La démolition de l'Etat social
Christian de Montlibert, Raisons d'Agir
Les retraites sont au cœur des manifestations et grèves actuelles comme le sera, sûrement, la réforme de la Sécurité Sociale dans quelques mois. On dit, en effet, de plus en plus de la Sécurité Sociale, reprenant les mêmes expressions que pour les retraites, que c'est un système "vieilli", "usé", "archaïque" qui va à la "faillite", dont il faut, d'urgence, "une réforme structurelle" qui, comme pour les retraites, est basée sur une diminution des remboursements des soins et une différenciation entre l'assurance de base et la cotisation volontaire par une assurance individualisée. C'est dire qu'avec ces "réformes" c'est bien plus qu'une transformation de systèmes de protection sociale "désajustés" dont il s'agit, mais d'une démolition de cette grande œuvre de civilisation qu'est l'Etat social.

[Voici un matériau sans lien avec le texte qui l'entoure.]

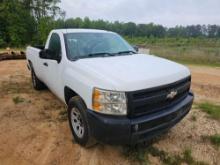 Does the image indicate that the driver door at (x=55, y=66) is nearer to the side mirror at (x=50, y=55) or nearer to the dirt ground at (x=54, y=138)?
the side mirror at (x=50, y=55)

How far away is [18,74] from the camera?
833cm

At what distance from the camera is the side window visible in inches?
154

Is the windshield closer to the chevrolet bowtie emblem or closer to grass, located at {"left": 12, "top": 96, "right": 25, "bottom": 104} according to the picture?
the chevrolet bowtie emblem

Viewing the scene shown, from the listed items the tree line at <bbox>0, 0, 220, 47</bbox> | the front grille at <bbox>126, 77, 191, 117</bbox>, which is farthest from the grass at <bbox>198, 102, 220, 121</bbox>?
the tree line at <bbox>0, 0, 220, 47</bbox>

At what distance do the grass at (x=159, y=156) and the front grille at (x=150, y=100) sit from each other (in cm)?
76

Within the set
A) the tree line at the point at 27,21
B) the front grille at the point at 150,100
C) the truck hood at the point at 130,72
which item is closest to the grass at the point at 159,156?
the front grille at the point at 150,100

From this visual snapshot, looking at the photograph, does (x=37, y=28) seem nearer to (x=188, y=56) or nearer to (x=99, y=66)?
(x=188, y=56)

L'Etat social (et non pas l'Etat providence, notion déjà rejetée comme humiliante par les salariés du XIXe siècle) est né de la rencontre entre la réflexion de sociologues, de juristes à la fin du XIXe siècle, l'action d'hommes politiques et le mouvement social naissant (avec la création de syndicats, les premières grandes grèves, l'organisation de manifestations, etc.). Au XIXe comme au début du XXe siècle, on trouve, d'un côté la misère et l'exploitation (dont celle des femmes et des enfants enrôlés massivement dans les fabriques) "adoucies" parfois par la charité de groupes philanthropiques et, de l'autre, la propriété qui protège contre les aléas de l'existence. Comme les salaires sont trop faibles pour permettre aux salariés d'acquérir une propriété individuelle, l'idée se fait jour de créer une sorte de propriété collective, non cessible (on ne peut pas retirer à son gré les sommes déposées, l'expérience des faillites retentissantes des caisses de secours mutuel - fonds de pension avant la lettre - a servi de leçon quant aux pseudo avantages de l'individualisation). Tous, quelles que soient leur position sociale et leur condition, y auront droit. Jean Jaurès se fera le défenseur de ce droit contre les députés qui voulaient que l'on réservât l'aide au plus démunis. Le mouvement social, en réclamant l'amélioration des conditions d'existence, réussira à réaliser cette idée avec l'organisation des premières retraites, des assurances sociales puis de la sécurité sociale, du droit au travail, de la création du salaire minimum garanti, de l'autorisation administrative de licenciement… Progressivement, l'Etat qui veillait principalement à la sécurité intérieure et extérieure se double d'un Etat social. Cette dynamique est à l'œuvre dans tous les Etats européens, à l'inverse des Etats-Unis où le mouvement social, pourtant puissant, échouera à imposer une protection sociale.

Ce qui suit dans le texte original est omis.